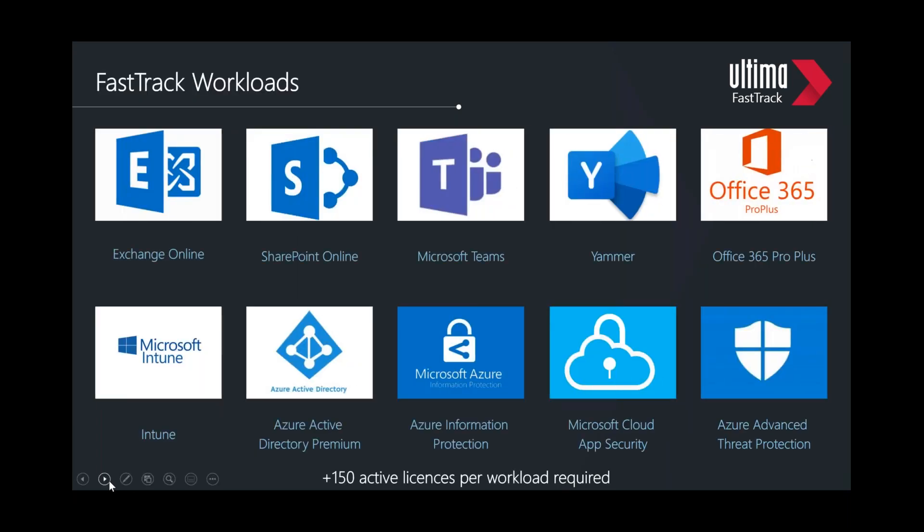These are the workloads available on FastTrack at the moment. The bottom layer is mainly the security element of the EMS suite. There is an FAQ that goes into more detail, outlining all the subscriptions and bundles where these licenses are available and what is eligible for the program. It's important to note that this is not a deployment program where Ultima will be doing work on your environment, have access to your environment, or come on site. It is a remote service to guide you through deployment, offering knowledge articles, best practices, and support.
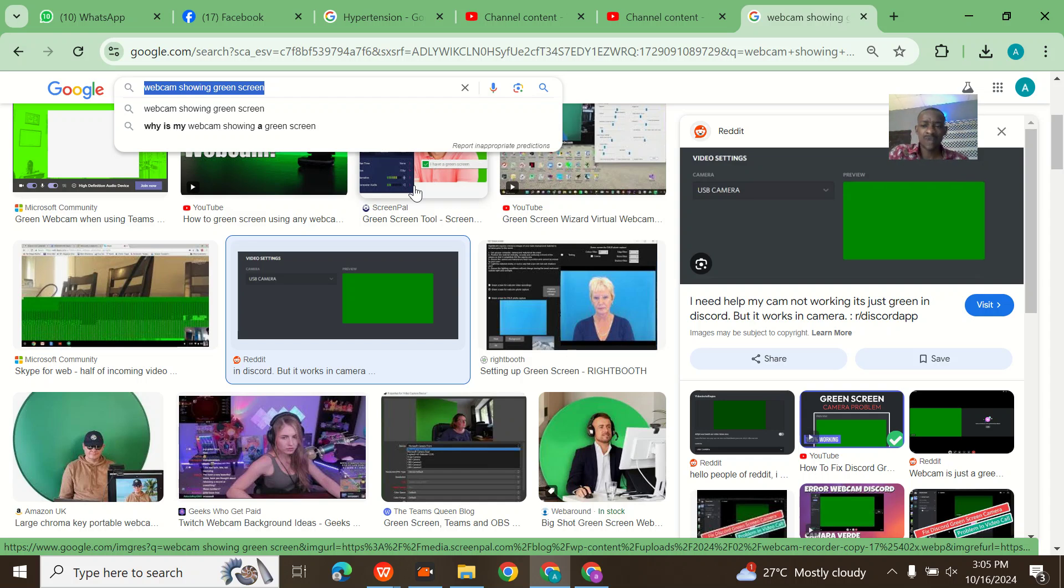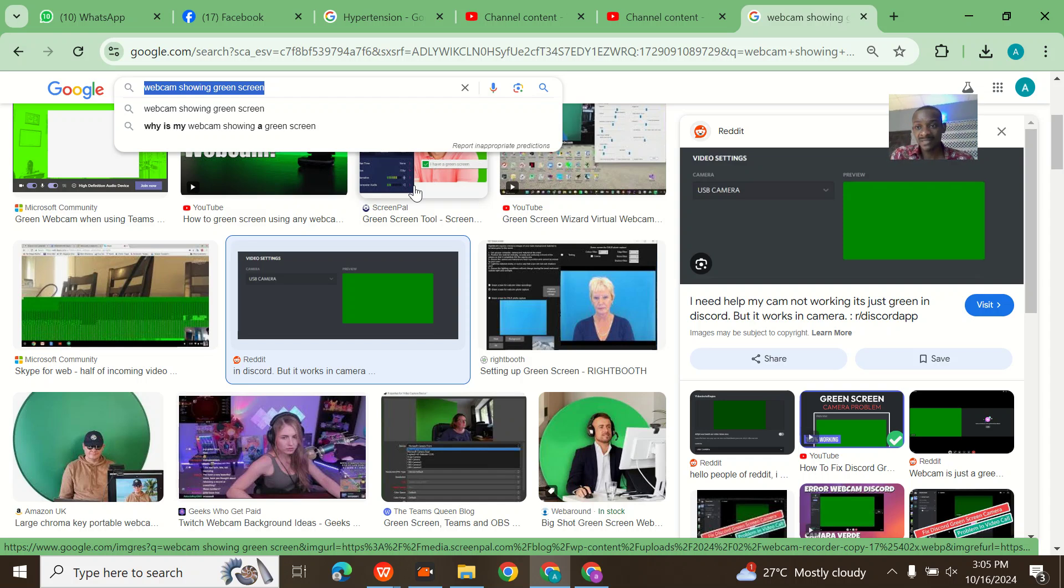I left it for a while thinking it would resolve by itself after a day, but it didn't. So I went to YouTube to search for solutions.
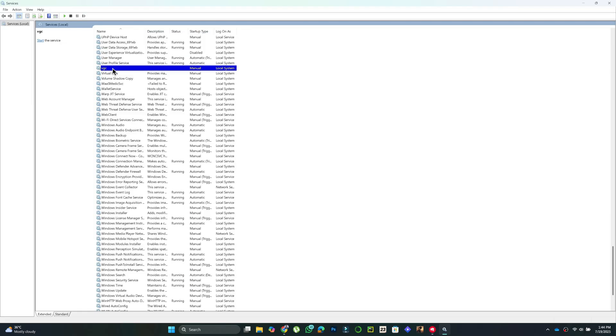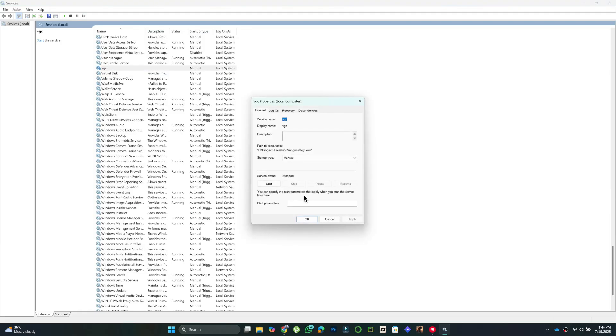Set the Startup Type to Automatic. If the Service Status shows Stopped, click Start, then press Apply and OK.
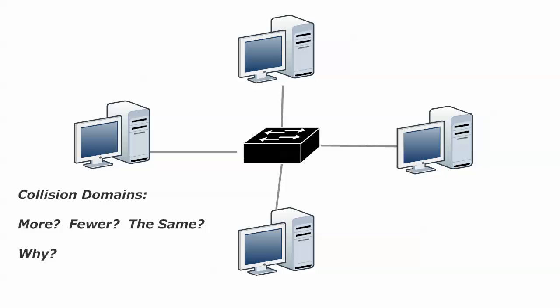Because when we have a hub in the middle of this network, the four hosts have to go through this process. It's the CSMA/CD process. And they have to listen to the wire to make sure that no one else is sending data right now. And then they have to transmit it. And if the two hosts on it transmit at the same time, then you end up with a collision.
---
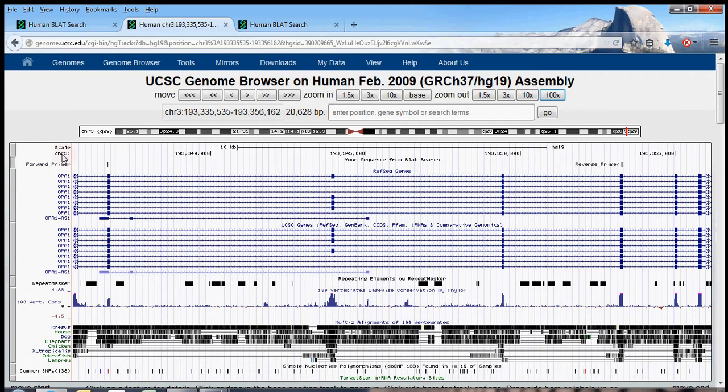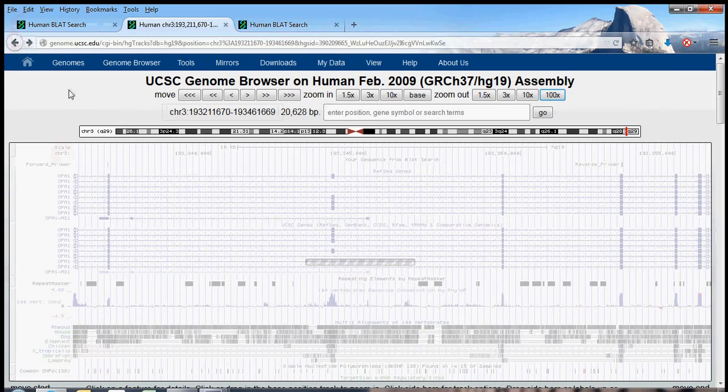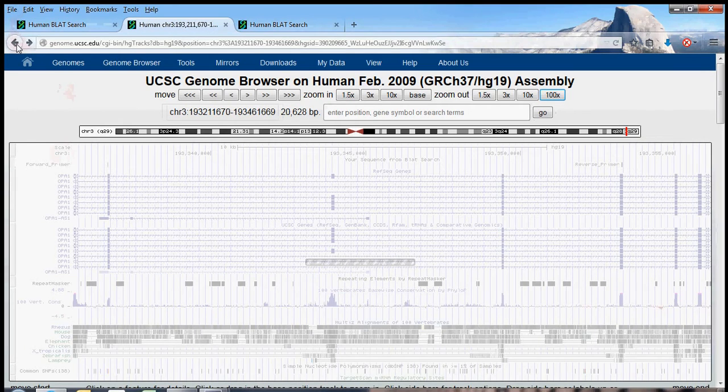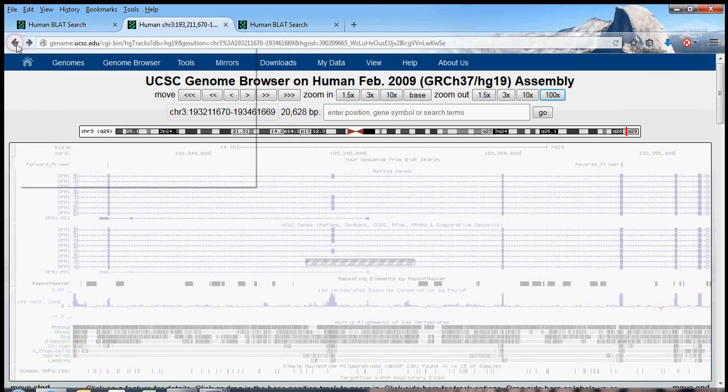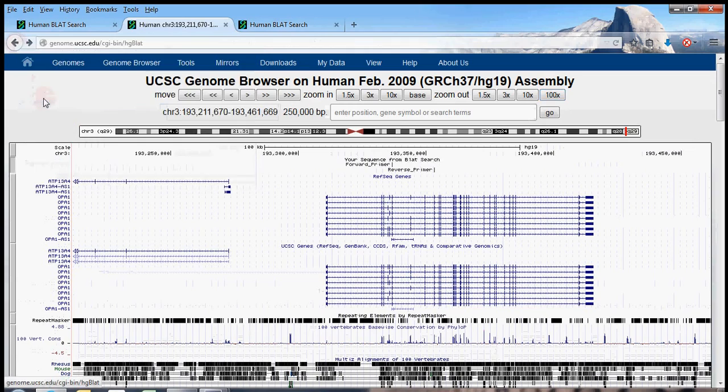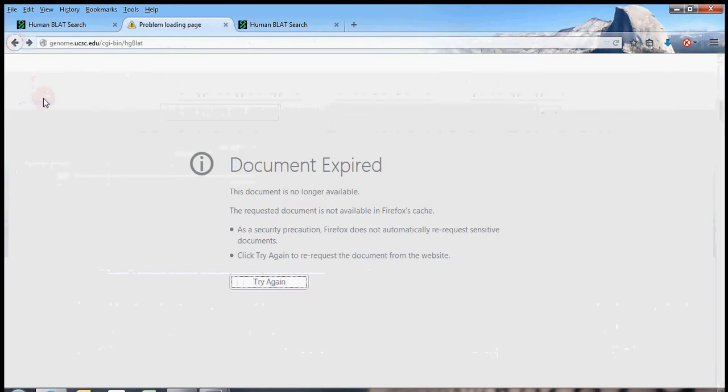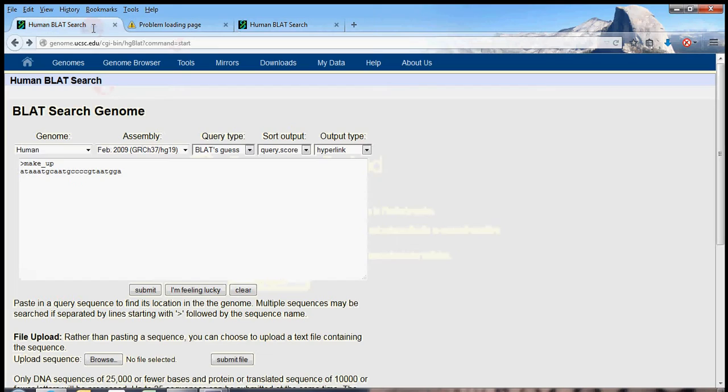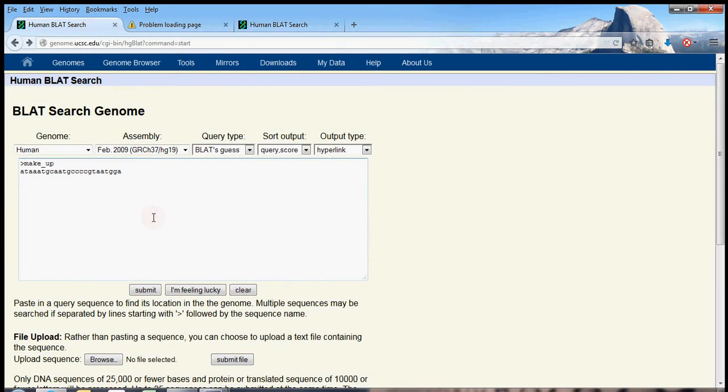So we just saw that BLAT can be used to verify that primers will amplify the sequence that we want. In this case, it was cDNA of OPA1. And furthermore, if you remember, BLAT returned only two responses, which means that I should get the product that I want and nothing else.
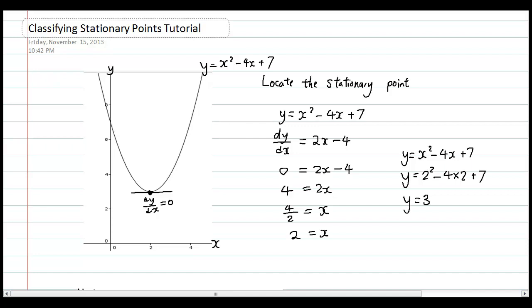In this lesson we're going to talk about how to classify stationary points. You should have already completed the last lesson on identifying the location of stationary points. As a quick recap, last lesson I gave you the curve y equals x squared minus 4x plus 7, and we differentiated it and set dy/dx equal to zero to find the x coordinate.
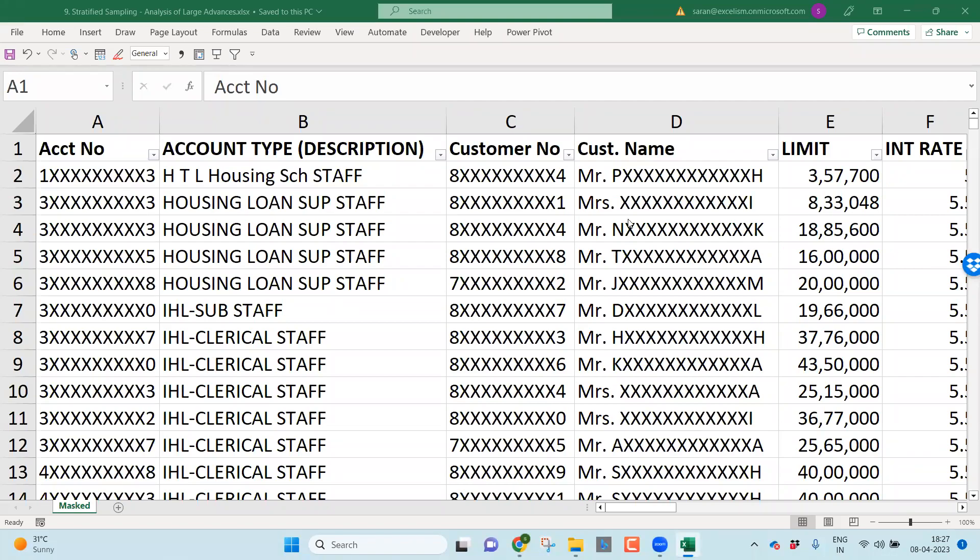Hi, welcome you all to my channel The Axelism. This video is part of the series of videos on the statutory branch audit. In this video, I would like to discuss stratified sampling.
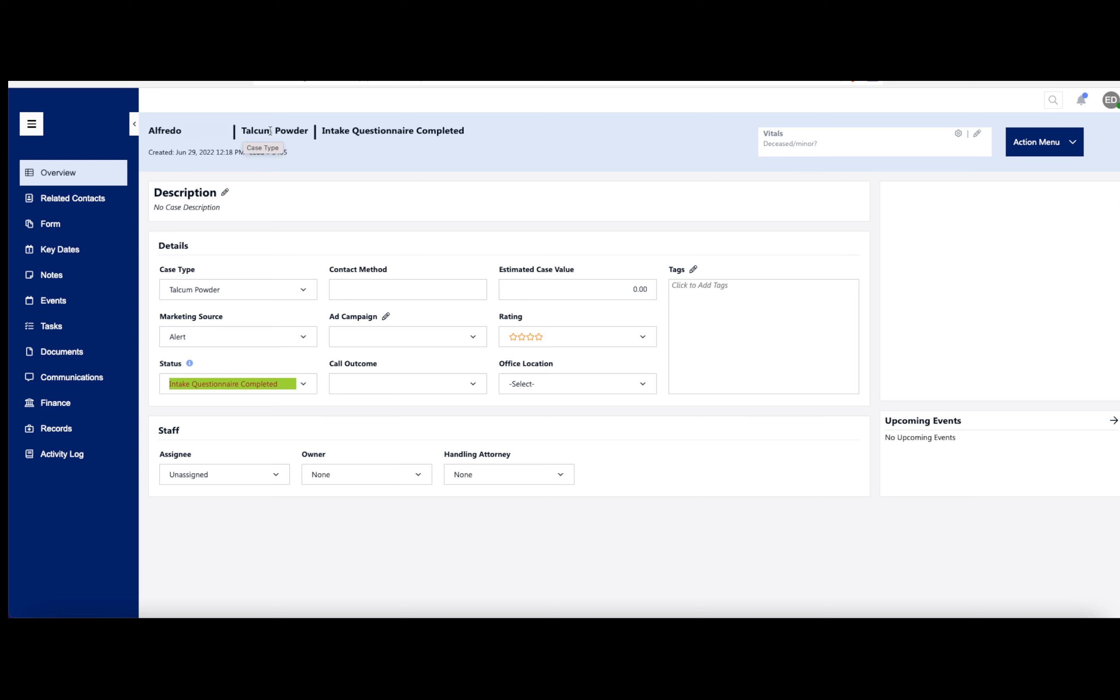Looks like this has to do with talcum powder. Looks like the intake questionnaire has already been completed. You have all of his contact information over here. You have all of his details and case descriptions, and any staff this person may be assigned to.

What you will do: Look above for the line with "In this lesson", then give again exactly every line from there through the line with "Looks like this", skipping the pictures.

Answer space:
In this lesson we're going to talk about how to classify stationary points. You should have already completed the last lesson on identifying the location of stationary points. As a quick recap, last lesson I gave you the curve y equals x squared minus 4x plus 7, and we differentiated it and set dy/dx equal to zero to find the x coordinate.
Hi, welcome you all to my channel The Axelism. This video is part of the series of videos on the statutory branch audit. In this video, I would like to discuss stratified sampling.
Looks like this has to do with talcum powder. Looks like the intake questionnaire has already been completed. You have all of his contact information over here. You have all of his details and case descriptions, and any staff this person may be assigned to.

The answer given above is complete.